Figure 1- vertical slicing of an index for clarity, the chart differs from the typical index for the following: the number of entries per page in a typical index will be greater than the number shown in the figure, so The number of pages per level other than root will be greater than the number shown. In particular, the leaf level will be much larger than what is shown in our space limit diagram. the actual indexed entries are not sorted on the page. This is the page's entry offset pointer, which provides a sequential access entry. (For more information on offset pointers, see
The correlation between the physical and logical order of an index is often higher than shown in the figure. The lack of correlation between the physical and logical order of an index is called an external fragment,11-Level- fragments in the discussion. as mentioned earlier, an exponent can have multiple intermediate levels. It's like our white page users are looking for Helen• Meyer, open the phone book and find the first page, only the first page is pink. In the list of sort entries for the Pink page, there is a "for" the name Between Fernandez, Zelda, and "Olson, Carl," see the Blue Page5:431. When our users go to the Blue page5:431, an entry on the page says: "Kumar,Kevinand theNara,Alisonbetween the name of the first see5page:2006". The pink page corresponds to the root, the blue page corresponds to the middle level, and the white page is the leaf. Index Depth The location of the root page is stored in the system table along with other information for the index. WheneverSQL Serverwhen you need to access an index entry that matches an index key value, it starts at the root page and processes a page at each level in the index until it reaches the leaf-level page of the entry that contains the index key. In the example of our 1 billion-row table, five page reads willSQL Servertransfer from the root page to a leaf-level page and its required entries;In Our illustrated example, three reading is sufficient. In a clustered index, the leaf level entry will be the actual data row;in a nonclustered index, this entry will contain the clustered index key column orRIDvalues. the series or depth of the index depends on the size of the index key and the number of entries. In theAdventureWorksThe depth of no index in the database is greater than three. In a database with very large tables or very wide index key columns, you may receive6or greater depth. Sys.dm_db_index_physical_statsThe function provides information about the index, including the index type, depth, and size. This is a table-valued function that can be queried. Checklist1The example shown in returnssalesorderdetailtablesummary information for all indexes.
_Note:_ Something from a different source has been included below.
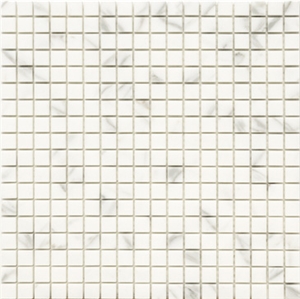 Statuario Carrara Marble Mosaic, Statuario Carrara White Marble Mosaic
SELECT object_name (p.object_id) as ' Table '
, i.name as ' Index '
, p.index_id as ' IndexID '
, P.index_type_desc
, p.index_depth
, P.page_count
From Sys.dm_db_index_physical_stats (db_id (),
OBJECT_ID (' Sales.SalesOrderDetail '),
NULL, NULL, NULL) P
JOIN sys.indexes I on i.object_id = p.object_id
and i.index_id = p.index_id;
Listing 1: Query sys.dm_db_index_physical_stats function result 2 shows .
read level 4 - page and range. )
Figure 2: The result of querying the sys.dm_db_index_physical_stats function is reversed, listing 2 The code in the display requests the details of a particular index, that is, a nonclustered index on the uniqueidentifier column of the table of the salesorderdetail table . It returns one row for each index level, as shown in3 . Listing 2: Query sys.dm_db_index_physical_stats for more information.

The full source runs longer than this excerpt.